The home in Frederick where Chris Watts killed his pregnant wife, Shanann, in August 2018 before taking the lives of Celeste and Bella, their two young daughters, is currently being viewed by more people than ever before. But although the property, located at 2825 Saratoga Trail, spent well over a year for sale, it’s now been taken off the market — and that’s just as well, since a disturbing new movie about the tragedy creates even more doubts that anyone would ever want to live within its walls again.
On September 30, Netflix launched American Murder: The Family Next Door, a documentary about the slayings that’s assembled almost entirely of video or images shared online by Shanann or footage from the investigation into her disappearance, including body-camera clips that seem to capture every inch of the living space. The house is practically another character in a film that chillingly transforms the roomy, tastefully appointed suburban spread into a backdrop for evil at its purest.
In other words, it’s not exactly a great advertisement for potential buyers, who’ve passed up many chances to purchase the place to date.
Here’s the trailer for American Murder: The Family Next Door.
The property was originally supposed to be auctioned on April 17, 2019, but a postponement moved the event to July 17 to that year. The house didn’t land on the block then, either, but a slew of articles and reports marking the one-year anniversary of the crimes announced a third date, September 18, 2019.

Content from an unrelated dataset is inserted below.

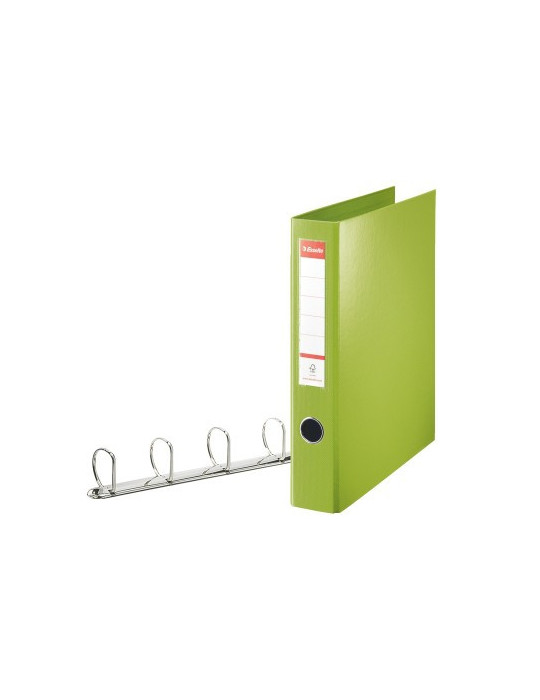 Esselte Vivida standard classeur à anneaux rigide 4 ann. 40mm PP A4 ve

That turned out to be wishful thinking, as predicted by attorney Jessica Hale, whose law firm, McCarthy Holthus, LLP, represented the seller, JPMorgan Chase Bank. “Unfortunately, we cannot provide any detail as to why the sale has been postponed,” Hale wrote in an August 2019 email to Westword. “I predict the sale will not be taking place 9/18/2019.”
She was right. The website of Weld County Public Trustee Susie Velasquez soon listed the next auction date as January 8, 2020 — which came and went without any action. The auction was rescheduled for February 12, shortly after the debut of Chris Watts: Confessions of a Killer, a Lifetime movie about the tragedy that essentially blamed Shanann for her own slaying; she peddled weight-loss pills and patches that were portrayed as changing Chris from a doting husband into a homicidal sociopath.
February 12 proved to be a false promise, too. The Weld County Public Trustee page moved the auction to April 15, and Velasquez suggested that additional postponements probably wouldn’t be allowed.
“Pursuant to [state statute] C.R.S. 38-38-109(1), no sale shall be continued to a date later than twelve months from the originally designated date…with certain exceptions,” she maintained. “The original sale date was 4/17/2019. Consequently, the latest possible sale date is 4/17/2020. However, this office holds sales once a week on Wednesdays, so the latest date that it could be continued is 4/15/2020.”
But instead, the Weld County Public Trustee page for the house on Saratoga Trail reveals that it was withdrawn from auction on June 24.
Carol Schuller Milner outside the former Ramsey family home in Boulder, where she and her husband, Timothy, currently live.
This doesn’t mean the house will sit vacant forever. Witness what happened with the residence on the 700 block of 15th Street in Boulder where six-year-old JonBenét Ramsey was murdered in December 1996.
The sprawling mini-mansion was unoccupied until 2004, when Carol Schuller Milner and her husband, Timothy, bought it with the idea of replacing dreadful memories with positive ones. But after subsequently relocating to California, they put it up for sale in 2008, then again in 2009, and once more in 2011, when the price was set at $2.3 million. Three years later, in early 2014, the home wound up on the block again at a lower price, $1.95 million, but no transaction went through — and it was de-listed that July.
Today the home remains unavailable for purchase, but not because no one wants to live there. Instead, Carol and Timothy are residing there again, and enjoying it immensely.
“We actually had offers on it — decent offers,” Schuller Milner told us last year. “But we didn’t take any of them, more out of our attachment to the house. It’s our home, and we really, really love it.”
Whether a future owner will ever say something similar about the Watts house in Frederick is unclear. But given the impact of the Netflix doc, the chances of that happening anytime soon aren’t good.